For me there is more danger in minimizing the feelings — numbing them through booze and TV and food and disconnection. In fact, after my friend’s comment at dinner, I paid my check and left. I am not proud of it, but it’s the best I could do at the time. I’m all up in my feelings like the rest of us, and I’m tired.

But here’s what I wish I could have said — to myself and maybe to her:

“I’m going to be sad about my thing. I know myself well enough to know I’m not going to run out of caring for the bigger stuff.”

Right before my second baby was born, I had a somber, completely serious conversation with my husband about feeling terrible that I wouldn’t be able to love my newborn son as much as I had his older sister.

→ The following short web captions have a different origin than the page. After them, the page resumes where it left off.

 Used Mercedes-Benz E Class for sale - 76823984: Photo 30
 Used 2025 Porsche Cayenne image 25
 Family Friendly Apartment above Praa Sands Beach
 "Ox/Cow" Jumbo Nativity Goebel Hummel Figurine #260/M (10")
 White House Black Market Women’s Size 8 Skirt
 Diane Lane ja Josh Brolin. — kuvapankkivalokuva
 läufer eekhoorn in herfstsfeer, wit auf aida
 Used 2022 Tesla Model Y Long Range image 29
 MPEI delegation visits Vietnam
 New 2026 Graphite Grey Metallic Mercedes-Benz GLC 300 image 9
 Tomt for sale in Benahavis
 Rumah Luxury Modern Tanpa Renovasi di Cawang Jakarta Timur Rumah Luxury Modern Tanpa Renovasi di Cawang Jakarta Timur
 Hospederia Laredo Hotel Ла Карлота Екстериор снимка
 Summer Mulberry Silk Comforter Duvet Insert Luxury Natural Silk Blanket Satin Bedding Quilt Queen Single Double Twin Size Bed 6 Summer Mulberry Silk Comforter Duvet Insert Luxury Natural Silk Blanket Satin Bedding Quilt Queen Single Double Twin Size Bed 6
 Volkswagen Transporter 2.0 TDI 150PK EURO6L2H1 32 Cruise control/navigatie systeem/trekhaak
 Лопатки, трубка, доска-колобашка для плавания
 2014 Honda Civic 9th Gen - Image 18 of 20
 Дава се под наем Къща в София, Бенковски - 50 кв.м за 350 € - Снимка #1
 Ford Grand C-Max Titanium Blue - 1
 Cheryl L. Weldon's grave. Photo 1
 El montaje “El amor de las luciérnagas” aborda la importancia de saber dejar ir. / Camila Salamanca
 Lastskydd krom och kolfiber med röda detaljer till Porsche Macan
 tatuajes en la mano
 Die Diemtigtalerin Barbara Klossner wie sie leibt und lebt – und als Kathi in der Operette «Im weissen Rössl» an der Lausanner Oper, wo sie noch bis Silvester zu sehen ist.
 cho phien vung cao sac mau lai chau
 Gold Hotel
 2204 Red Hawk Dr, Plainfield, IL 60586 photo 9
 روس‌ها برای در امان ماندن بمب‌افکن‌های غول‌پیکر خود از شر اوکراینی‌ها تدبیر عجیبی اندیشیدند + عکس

“I’m going to have to work hard to give him everything I gave Lucy,” I explained tearfully. “I just hope I’m up to it.”

Yeah, I know. But I didn’t then. I didn’t understand that I have infinite caring. I can love my daughter and my son (and my other son) without putting them in competition with each other. My love and caring are limitless.

Which is not to say my attention and energy are limitless. We confuse this. Attention and energy do have limits — there are only so many hours in the day. And the trick is — I have to use discretion with my energy — put thought into where I put my focus. Feelings drive that focus. If I don’t feel my feelings how will I know how my life needs me to live it?

I’ve sort of been a grown-up most of my life. I have a strong, internal judge who sounds just like my friend’s voice. It basically says — “what’s wrong with you? This doesn’t matter. If you were a better/prettier/kinder/smarter/ taller person, you wouldn’t feel this way.”

I’ve also sort of been a disappointed kid my whole life. I’m hurt when things don’t work out. I hate when I do my part but can’t make things happen. I loathe when things aren’t fair. My kid part says, “if I was better/prettier/kinder/smarter/taller it wouldn’t have happened.” Or sometimes it says, “If I had better people around me, this wouldn’t have happened.” Sort of depends on the day.

And most of the time, my adult and my kid are in the same room talking over each other.

But what if my adult part just hugged my disappointed kid part? What if they sat on the couch together in the BOTH/AND of it all.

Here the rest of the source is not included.